A study on one popular CrossFit workout called the “Cindy” — in which a person does a series of pull-ups, push-ups and squats in as many rounds as possible — found that it burned an average of 13 calories per minute. The workout lasts 20 minutes, so exercisers burned an average of 260 calories in total. While perfect apples-to-apples studies aren’t available, some Tabata research has shown that one of these workouts — composed of 4-minute training blocks that mix maximum-intensity bouts of resistance and aerobic training with short periods of rest — burns 14.5 calories per minute, or 280 calories during a 20-minute workout.

These per-minute calorie averages beat out many traditional forms of exercise. “But there’s such a variety within these classes and the people doing them that scores are all over the map,” says John Porcari, author of the Tabata study and a professor of exercise and sports science at the University of Wisconsin, La Crosse. For example, some people in his Tabata study burned up to 360 calories during the 20-minute workout, or 18 calories per minute.

Yet “per-minute” calorie burn isn’t always the best way to assess a workout’s energy demands, Porcari says. The total time spent training and a person’s willingness to stick with a workout are also important factors. “You can crank like the dickens for 30 seconds and burn a lot of calories,” he says. So if you’re extremely short on time, high-intensity interval training (HIIT) is probably your best option. But in the real world, Porcari says, many people won’t be comfortable (or capable of) engaging in regular or extended bouts of high-intensity training.

He says a “more fair” way to assess an exercise’s true energy demands is to ask people to do it at a pace that is comfortable for them. And when it comes to vigorous, calorie-burning exercises that people are comfortable doing for extended periods of time, running usually comes out on top. “When you look at the literature, running tends to burn more calories than other modalities,” he says.

According to an online calorie estimator from the American Council on Exercise, a 115-pound person running for 30 minutes at a slow-to-moderate pace (a 10-minute mile) would burn about 260 calories: the same amount people who did CrossFit typically torched in 20 minutes, according to the research. A 175-pound person would burn nearly 400 calories during that same 30-minute run. Pick up the pace, and you can achieve an even greater rate of calorie burn.

You may be wondering whether more intense forms of exercise lead to a higher rate of calorie expenditure even after training is finished — or a so-called “afterburn effect.” Research from Colorado State University has shown that, yes, intense exercise does keep a person’s metabolism humming longer than mild exercise. But this afterburn effect tends to peter out quickly — within a few hours — and it accounts for a small fraction of the total calories a person expends during and after exercise.

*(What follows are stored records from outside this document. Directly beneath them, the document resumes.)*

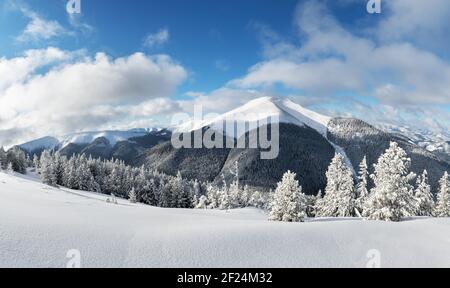 Fantastic winter landscape panorama with snowy trees and snowy peaks. Carpathian mountains, Ukraine. Christmas holiday background. Landscape photography Stock Photo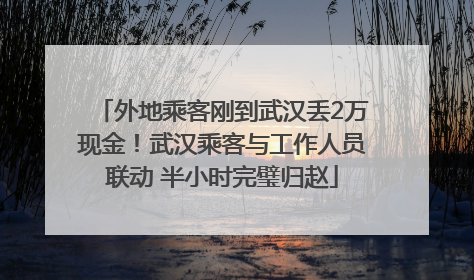 外地乘客刚到武汉丢2万现金！武汉乘客与工作人员联动 半小时完璧归赵
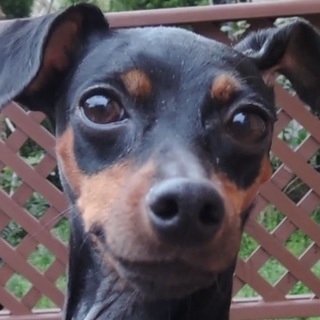 声でかい、活発で運動神経抜群　クララ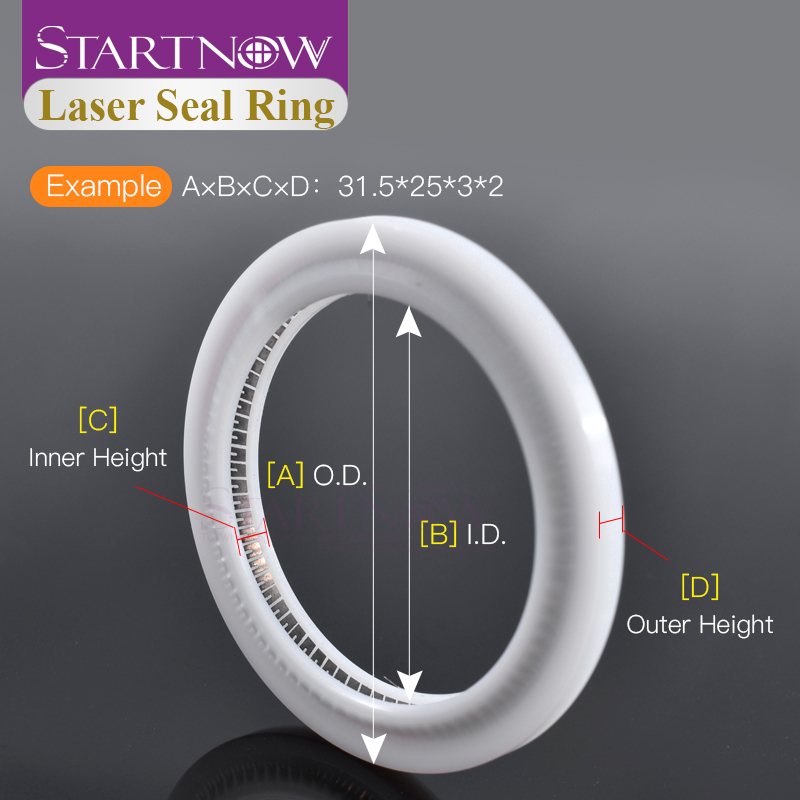 Startnow Anello di Tenuta Lase - Industrial Laser Head recensione e prezzo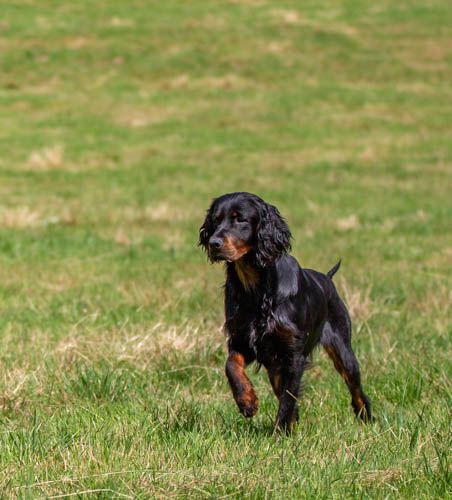 du Mas d'Eyraud - Chiot disponible  - Setter Gordon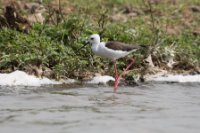 LBL1802849-1200  Black-winged Stilt, Himantopus himantopus. © Leif Bisschop-Larsen / Naturfoto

Also, a workout’s length — not just its intensity — helps to keep a person’s metabolism elevated after training, finds a review from the University of New Mexico. So if your goal is to burn the maximum amount of energy, you’ll want to find an exercise that is vigorous and that you can stick with for a long stretch of time.

For a lot of people, that mode is running. For others, it may be fast stationary cycling or Tabata or using an elliptical. The research suggests all are more or less comparable if you’re able to put in the time and keep up the intensity.

The bottom line? The best workout for burning calories is “the one you actually do,” Church says. You can find extreme forms of exercise that maximize per-minute calorie burn. But if you don’t stick with them or do them regularly, they’re not much good to you.